BerasKita Premium Dinilai Ampuh Jaga Stabilitas Pangan

15 hours ago 11

Liputan6.com, Jakarta - Rencana Perum Bulog memproduksi BerasKita Premium sebagai instrumen stabilisasi harga dinilai sejalan dengan perubahan pola konsumsi masyarakat. Pengamat pangan, Khudori, menilai cadangan beras pemerintah (CBP) yang selama ini hanya berisi beras medium sudah tidak lagi sesuai dengan kondisi pasar yang semakin beragam.

Menurut Khudori, pasar beras saat ini menawarkan berbagai pilihan kualitas, mulai dari beras medium, premium, hingga beras khusus seperti beras merah, hitam, organik, dan fortifikasi. Kondisi tersebut dipengaruhi oleh perubahan preferensi konsumen akibat meningkatnya urbanisasi, pendapatan masyarakat, serta berkembangnya jaringan ritel modern.

“Pasar kini tidak lagi hanya mengenal satu jenis beras. Konsumen memilih berdasarkan kualitas, rasa, bentuk, hingga merek,” ujarnya kepada Liputan6.com, Selasa (7/7/2026).

Ia mengutip hasil kajian Perhimpunan Ekonomi Pertanian Indonesia (PERHEPI) pada 2016 yang menunjukkan bahwa konsumen berpendapatan tinggi lebih mengutamakan warna putih, tekstur pulen, bentuk beras utuh, dan merek saat membeli beras. Kelompok ini juga cenderung berbelanja di minimarket atau supermarket dengan kemasan 5 kilogram.

Di sisi lain, konsumen berpendapatan rendah lebih mempertimbangkan harga dan warna beras. Mereka juga lebih cepat beralih ke merek lain ketika harga melonjak naik.

Permintaan Beras Premium Meningkat

Khudori menyebut kondisi tersebut membuat permintaan beras premium terus meningkat. Pertumbuhan permintaannya diperkirakan mencapai 11% per tahun dengan pangsa pasar sekitar 38%. Sebaliknya, permintaan beras medium diperkirakan terus menurun sekitar 9% per tahun, meski masih menguasai sekitar 60% pasar.

Namun, menurutnya, CBP yang hanya berisi beras medium membuat intervensi pemerintah melalui program Stabilisasi Pasokan dan Harga Pangan (SPHP) menjadi kurang efektif.

“Mustahil operasi pasar dengan satu jenis beras mampu meredam harga seluruh segmen beras yang beredar di pasar,” katanya.

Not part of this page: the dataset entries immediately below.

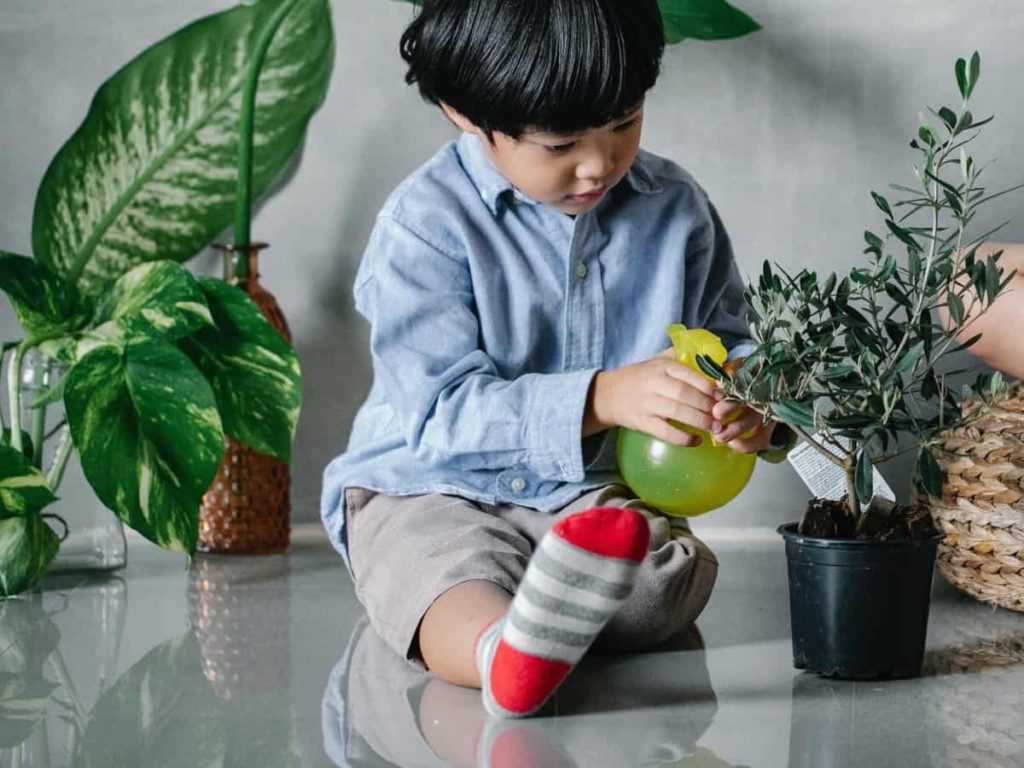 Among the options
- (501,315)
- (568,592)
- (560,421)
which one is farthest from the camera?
(501,315)

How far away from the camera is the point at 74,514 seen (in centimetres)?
164

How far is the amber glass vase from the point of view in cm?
171

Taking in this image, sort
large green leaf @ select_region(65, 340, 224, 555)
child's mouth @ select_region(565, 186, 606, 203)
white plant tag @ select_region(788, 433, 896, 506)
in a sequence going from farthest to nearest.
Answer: large green leaf @ select_region(65, 340, 224, 555)
white plant tag @ select_region(788, 433, 896, 506)
child's mouth @ select_region(565, 186, 606, 203)

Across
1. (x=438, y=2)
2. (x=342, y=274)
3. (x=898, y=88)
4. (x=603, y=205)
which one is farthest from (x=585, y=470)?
(x=898, y=88)

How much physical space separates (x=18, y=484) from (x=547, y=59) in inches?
28.1

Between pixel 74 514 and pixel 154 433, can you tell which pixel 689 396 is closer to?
pixel 154 433

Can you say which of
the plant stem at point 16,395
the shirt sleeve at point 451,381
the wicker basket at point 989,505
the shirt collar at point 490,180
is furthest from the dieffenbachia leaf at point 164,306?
the wicker basket at point 989,505

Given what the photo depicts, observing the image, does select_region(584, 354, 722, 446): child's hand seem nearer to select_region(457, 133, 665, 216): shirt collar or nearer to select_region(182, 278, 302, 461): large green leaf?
select_region(457, 133, 665, 216): shirt collar

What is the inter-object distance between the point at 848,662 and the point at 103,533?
35.2 inches

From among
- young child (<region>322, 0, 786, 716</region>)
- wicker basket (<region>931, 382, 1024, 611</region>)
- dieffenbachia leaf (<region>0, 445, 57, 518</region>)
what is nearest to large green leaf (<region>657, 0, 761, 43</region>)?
young child (<region>322, 0, 786, 716</region>)

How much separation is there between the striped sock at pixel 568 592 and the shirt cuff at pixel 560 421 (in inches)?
9.9

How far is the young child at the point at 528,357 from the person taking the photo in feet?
3.72

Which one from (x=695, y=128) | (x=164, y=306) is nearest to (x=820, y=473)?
(x=695, y=128)

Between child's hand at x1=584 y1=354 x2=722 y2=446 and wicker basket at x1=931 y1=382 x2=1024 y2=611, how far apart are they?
0.32 m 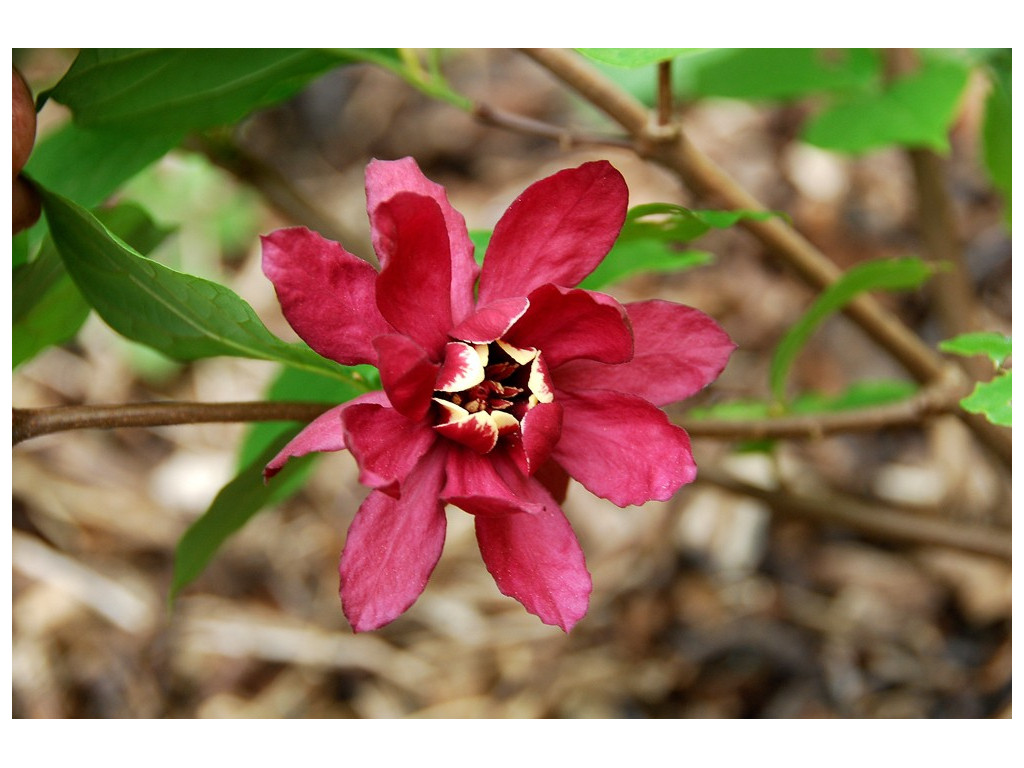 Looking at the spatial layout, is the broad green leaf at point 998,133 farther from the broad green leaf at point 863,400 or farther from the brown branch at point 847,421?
the brown branch at point 847,421

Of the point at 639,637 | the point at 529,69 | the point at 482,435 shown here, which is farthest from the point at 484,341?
the point at 529,69

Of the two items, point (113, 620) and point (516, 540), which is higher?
point (516, 540)

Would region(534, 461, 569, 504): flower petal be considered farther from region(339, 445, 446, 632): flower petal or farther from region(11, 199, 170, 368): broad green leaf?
region(11, 199, 170, 368): broad green leaf

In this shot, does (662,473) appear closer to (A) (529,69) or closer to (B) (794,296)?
(B) (794,296)

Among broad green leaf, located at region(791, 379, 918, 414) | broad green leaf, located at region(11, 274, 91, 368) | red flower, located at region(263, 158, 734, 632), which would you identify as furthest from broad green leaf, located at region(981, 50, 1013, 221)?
broad green leaf, located at region(11, 274, 91, 368) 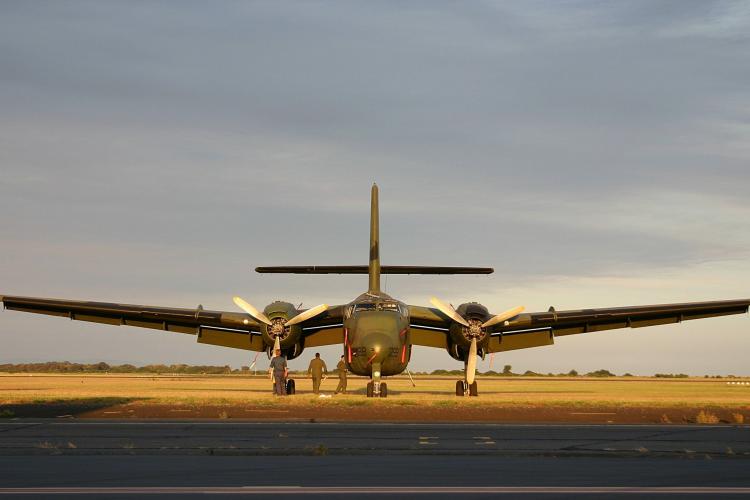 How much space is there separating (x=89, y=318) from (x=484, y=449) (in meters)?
31.8

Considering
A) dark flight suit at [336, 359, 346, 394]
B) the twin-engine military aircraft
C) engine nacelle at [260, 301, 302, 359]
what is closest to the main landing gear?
the twin-engine military aircraft

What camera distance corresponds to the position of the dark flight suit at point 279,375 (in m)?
38.9

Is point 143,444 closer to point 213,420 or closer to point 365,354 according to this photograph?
point 213,420

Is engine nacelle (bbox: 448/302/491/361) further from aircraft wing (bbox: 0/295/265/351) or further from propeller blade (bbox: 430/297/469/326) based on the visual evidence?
aircraft wing (bbox: 0/295/265/351)

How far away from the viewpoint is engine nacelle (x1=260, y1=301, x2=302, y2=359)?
41.4 metres

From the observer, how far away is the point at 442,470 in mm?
13109

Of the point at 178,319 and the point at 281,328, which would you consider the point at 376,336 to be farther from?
the point at 178,319

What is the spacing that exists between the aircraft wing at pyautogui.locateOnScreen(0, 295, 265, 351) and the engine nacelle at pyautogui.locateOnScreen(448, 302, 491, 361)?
326 inches

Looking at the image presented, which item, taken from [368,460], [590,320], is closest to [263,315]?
[590,320]

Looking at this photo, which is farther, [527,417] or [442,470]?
[527,417]

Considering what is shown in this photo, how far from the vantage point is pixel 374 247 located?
4528cm

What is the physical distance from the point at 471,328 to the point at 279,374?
7.93 metres

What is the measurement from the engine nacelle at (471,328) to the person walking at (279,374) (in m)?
7.12

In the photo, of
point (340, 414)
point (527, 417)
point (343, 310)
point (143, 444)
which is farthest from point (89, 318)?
point (143, 444) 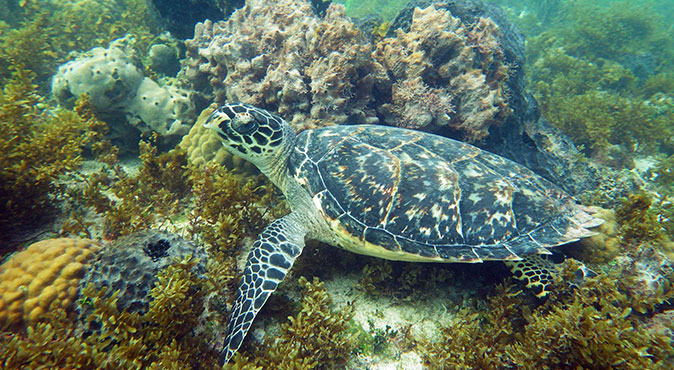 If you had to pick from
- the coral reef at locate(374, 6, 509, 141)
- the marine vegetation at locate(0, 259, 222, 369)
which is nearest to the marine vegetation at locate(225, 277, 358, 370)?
the marine vegetation at locate(0, 259, 222, 369)

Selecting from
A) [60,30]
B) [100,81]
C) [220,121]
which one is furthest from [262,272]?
[60,30]

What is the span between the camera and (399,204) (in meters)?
2.96

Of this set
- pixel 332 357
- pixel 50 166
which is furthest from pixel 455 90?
pixel 50 166

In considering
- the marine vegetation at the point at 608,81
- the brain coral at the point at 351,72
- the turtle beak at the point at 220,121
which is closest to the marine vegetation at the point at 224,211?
the turtle beak at the point at 220,121

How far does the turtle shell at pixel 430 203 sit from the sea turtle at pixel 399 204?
0.01m

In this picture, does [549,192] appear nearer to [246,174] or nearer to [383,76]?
[383,76]

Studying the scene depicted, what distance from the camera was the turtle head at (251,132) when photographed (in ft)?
11.6

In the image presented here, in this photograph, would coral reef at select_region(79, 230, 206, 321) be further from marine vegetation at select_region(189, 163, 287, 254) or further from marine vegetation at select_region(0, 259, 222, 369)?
marine vegetation at select_region(189, 163, 287, 254)

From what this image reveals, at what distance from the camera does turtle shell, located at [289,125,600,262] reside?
2850 millimetres

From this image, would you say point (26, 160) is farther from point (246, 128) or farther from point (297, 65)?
point (297, 65)

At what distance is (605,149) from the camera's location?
20.7 feet

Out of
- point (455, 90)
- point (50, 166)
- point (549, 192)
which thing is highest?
point (455, 90)

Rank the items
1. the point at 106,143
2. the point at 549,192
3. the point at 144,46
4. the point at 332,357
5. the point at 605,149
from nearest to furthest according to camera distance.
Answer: the point at 332,357
the point at 549,192
the point at 106,143
the point at 605,149
the point at 144,46

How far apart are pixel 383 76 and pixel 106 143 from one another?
483cm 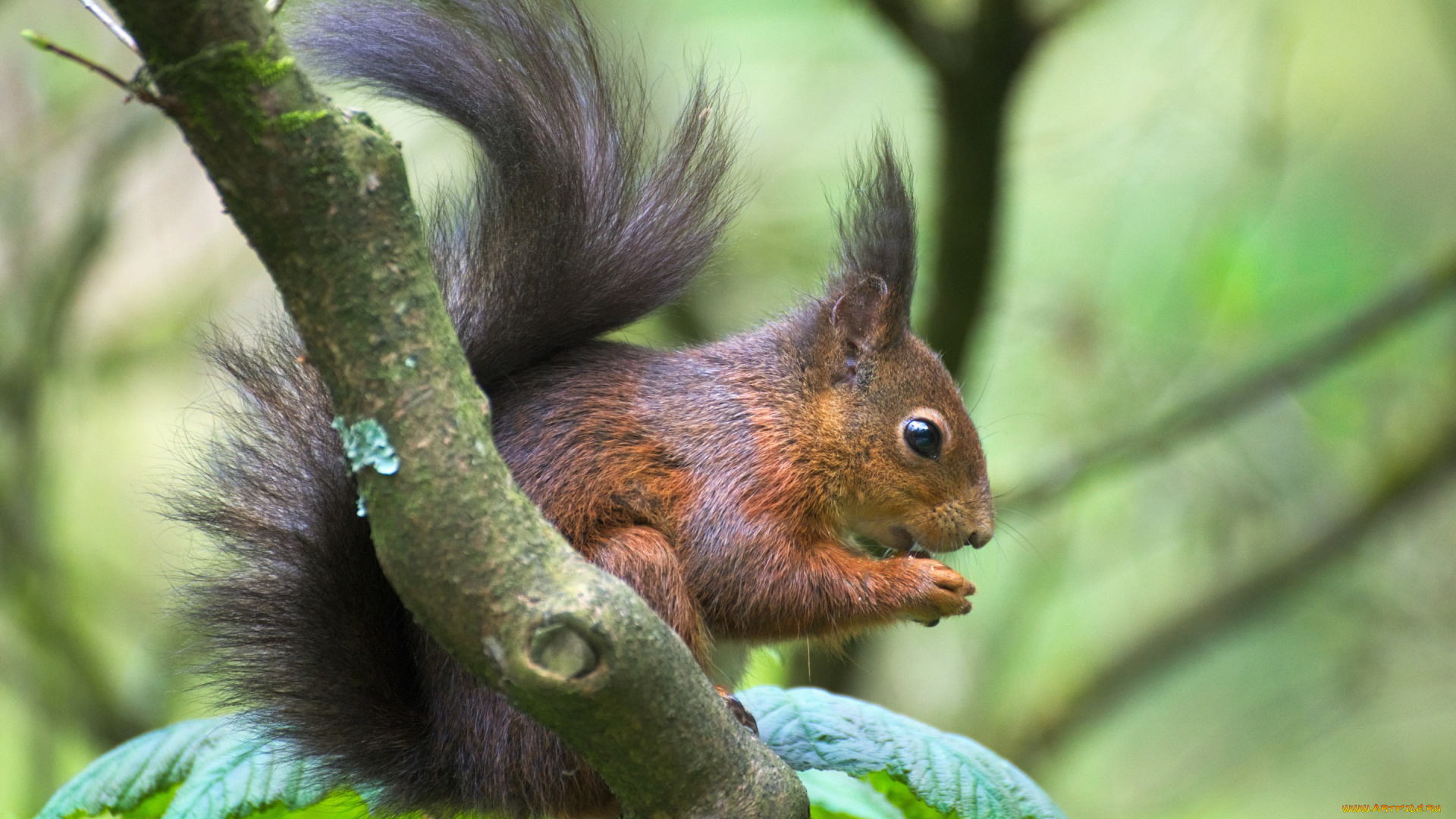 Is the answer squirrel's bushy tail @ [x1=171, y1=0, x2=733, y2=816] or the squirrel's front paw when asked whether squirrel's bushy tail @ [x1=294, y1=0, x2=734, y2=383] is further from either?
the squirrel's front paw

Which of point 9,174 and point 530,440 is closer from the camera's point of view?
point 530,440

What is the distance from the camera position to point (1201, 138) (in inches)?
180

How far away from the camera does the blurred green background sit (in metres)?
3.78

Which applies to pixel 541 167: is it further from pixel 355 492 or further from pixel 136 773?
pixel 136 773

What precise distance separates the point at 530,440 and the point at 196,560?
0.56 metres

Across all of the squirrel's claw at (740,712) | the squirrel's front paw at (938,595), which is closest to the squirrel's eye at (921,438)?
the squirrel's front paw at (938,595)

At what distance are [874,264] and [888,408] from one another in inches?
10.6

Selain keterbatasan jenis beras, efektivitas operasi pasar juga dipengaruhi oleh volume penyaluran yang terbatas, pembatasan pembelian, serta persoalan kualitas beras SPHP.

Stabilisasi Beras Premium

Sebelumnya, Direktur Utama Perum Bulog, Ahmad Rizal Ramdhani, mengusulkan program BerasKita untuk stabilisasi beras premium. Program ini diharapkan mampu mengulang kesuksesan beras program SPHP.

Rizal mengaku telah mengusulkan program BerasKita Premium kepada Menteri Koordinator Bidang Pangan, Zulkifli Hasan. Tujuannya adalah untuk menstabilkan harga beras premium di pasaran yang sedang mengalami kenaikan.

"Kami hanya mengusulkan untuk membuat BerasKita Premium. Jadi, saat beras premium lagi agak naik, supaya menstabilisasi beras premium, BerasKita Premium harus ada," kata Rizal di Kantor Kemenko Pangan, Jakarta, Selasa (9/6/2026).

Dia mengatakan, kepastian pelaksanaan program itu masih menunggu persetujuan dari Menko Pangan. Rizal berkaca pada stabilnya harga beras medium berkat hadirnya beras SPHP.

Harga Rp 14.900 per Kilogram

Adapun BerasKita Premium rencananya akan dijual sesuai harga eceran tertinggi (HET), sebesar Rp 14.900 per kilogram. Sementara itu, beras SPHP Bulog saat ini dijual dengan harga Rp 12.500 per kilogram untuk stabilisasi harga.

"Tadi saya memberikan saran di rapat agar dibuatkan program BerasKita Premium, seperti beras SPHP. SPHP yang sekarang kan beras medium tuh," ujar dia.

"Ini saya baru mengajukan saran, belum di-approve. Harapannya bisa di-approve sehingga bisa menstabilkan harga-harga semua. As soon as possible (bisa terlaksana), biar masyarakat tenang," Rizal menambahkan.